[Opening RECORDS FOR THE TASK section]

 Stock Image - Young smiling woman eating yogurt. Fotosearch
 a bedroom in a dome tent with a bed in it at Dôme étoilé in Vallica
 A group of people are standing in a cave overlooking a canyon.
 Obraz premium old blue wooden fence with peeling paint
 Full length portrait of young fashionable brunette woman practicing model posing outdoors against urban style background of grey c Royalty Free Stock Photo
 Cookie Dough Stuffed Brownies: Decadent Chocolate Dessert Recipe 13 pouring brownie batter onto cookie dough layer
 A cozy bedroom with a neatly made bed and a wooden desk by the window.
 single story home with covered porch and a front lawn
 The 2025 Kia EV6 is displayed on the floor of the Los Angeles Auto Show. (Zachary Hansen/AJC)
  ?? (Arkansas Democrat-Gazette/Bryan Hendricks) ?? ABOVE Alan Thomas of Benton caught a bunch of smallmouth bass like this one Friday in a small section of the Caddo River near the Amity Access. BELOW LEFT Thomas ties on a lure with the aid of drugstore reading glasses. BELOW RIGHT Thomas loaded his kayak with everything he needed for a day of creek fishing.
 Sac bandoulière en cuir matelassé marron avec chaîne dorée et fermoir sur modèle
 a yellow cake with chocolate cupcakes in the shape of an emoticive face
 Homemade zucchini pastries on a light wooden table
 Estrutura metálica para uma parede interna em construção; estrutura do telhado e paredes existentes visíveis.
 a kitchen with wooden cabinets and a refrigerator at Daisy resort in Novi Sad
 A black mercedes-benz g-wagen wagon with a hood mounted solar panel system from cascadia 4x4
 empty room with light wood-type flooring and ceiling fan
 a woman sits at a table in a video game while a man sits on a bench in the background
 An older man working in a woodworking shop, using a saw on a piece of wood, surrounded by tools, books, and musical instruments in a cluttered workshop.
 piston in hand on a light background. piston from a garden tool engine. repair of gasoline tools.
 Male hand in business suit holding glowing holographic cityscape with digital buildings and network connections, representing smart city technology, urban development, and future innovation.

[Closing RECORDS FOR THE TASK section]

Copy each line of the data exactly, please.

EXPECTED ANSWER —
 Stock Image - Young smiling woman eating yogurt. Fotosearch
 a bedroom in a dome tent with a bed in it at Dôme étoilé in Vallica
 A group of people are standing in a cave overlooking a canyon.
 Obraz premium old blue wooden fence with peeling paint
 Full length portrait of young fashionable brunette woman practicing model posing outdoors against urban style background of grey c Royalty Free Stock Photo
 Cookie Dough Stuffed Brownies: Decadent Chocolate Dessert Recipe 13 pouring brownie batter onto cookie dough layer
 A cozy bedroom with a neatly made bed and a wooden desk by the window.
 single story home with covered porch and a front lawn
 The 2025 Kia EV6 is displayed on the floor of the Los Angeles Auto Show. (Zachary Hansen/AJC)
  ?? (Arkansas Democrat-Gazette/Bryan Hendricks) ?? ABOVE Alan Thomas of Benton caught a bunch of smallmouth bass like this one Friday in a small section of the Caddo River near the Amity Access. BELOW LEFT Thomas ties on a lure with the aid of drugstore reading glasses. BELOW RIGHT Thomas loaded his kayak with everything he needed for a day of creek fishing.
 Sac bandoulière en cuir matelassé marron avec chaîne dorée et fermoir sur modèle
 a yellow cake with chocolate cupcakes in the shape of an emoticive face
 Homemade zucchini pastries on a light wooden table
 Estrutura metálica para uma parede interna em construção; estrutura do telhado e paredes existentes visíveis.
 a kitchen with wooden cabinets and a refrigerator at Daisy resort in Novi Sad
 A black mercedes-benz g-wagen wagon with a hood mounted solar panel system from cascadia 4x4
 empty room with light wood-type flooring and ceiling fan
 a woman sits at a table in a video game while a man sits on a bench in the background
 An older man working in a woodworking shop, using a saw on a piece of wood, surrounded by tools, books, and musical instruments in a cluttered workshop.
 piston in hand on a light background. piston from a garden tool engine. repair of gasoline tools.
 Male hand in business suit holding glowing holographic cityscape with digital buildings and network connections, representing smart city technology, urban development, and future innovation.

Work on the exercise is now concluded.